Your instructions:
Type out the entries again, keeping every word unchanged.

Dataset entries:

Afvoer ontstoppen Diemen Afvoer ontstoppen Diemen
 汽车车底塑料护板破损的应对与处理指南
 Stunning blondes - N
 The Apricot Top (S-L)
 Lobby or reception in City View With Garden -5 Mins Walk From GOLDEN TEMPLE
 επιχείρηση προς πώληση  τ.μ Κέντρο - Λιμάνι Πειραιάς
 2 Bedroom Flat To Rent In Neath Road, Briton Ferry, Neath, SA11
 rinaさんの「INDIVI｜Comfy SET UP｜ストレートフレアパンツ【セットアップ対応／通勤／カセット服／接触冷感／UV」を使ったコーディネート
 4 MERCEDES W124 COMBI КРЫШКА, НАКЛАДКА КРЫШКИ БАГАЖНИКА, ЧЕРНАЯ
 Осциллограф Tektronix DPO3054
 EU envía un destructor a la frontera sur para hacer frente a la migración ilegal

Task response:
Afvoer ontstoppen Diemen Afvoer ontstoppen Diemen
 汽车车底塑料护板破损的应对与处理指南
 Stunning blondes - N
 The Apricot Top (S-L)
 Lobby or reception in City View With Garden -5 Mins Walk From GOLDEN TEMPLE
 επιχείρηση προς πώληση  τ.μ Κέντρο - Λιμάνι Πειραιάς
 2 Bedroom Flat To Rent In Neath Road, Briton Ferry, Neath, SA11
 rinaさんの「INDIVI｜Comfy SET UP｜ストレートフレアパンツ【セットアップ対応／通勤／カセット服／接触冷感／UV」を使ったコーディネート
 4 MERCEDES W124 COMBI КРЫШКА, НАКЛАДКА КРЫШКИ БАГАЖНИКА, ЧЕРНАЯ
 Осциллограф Tektronix DPO3054
 EU envía un destructor a la frontera sur para hacer frente a la migración ilegal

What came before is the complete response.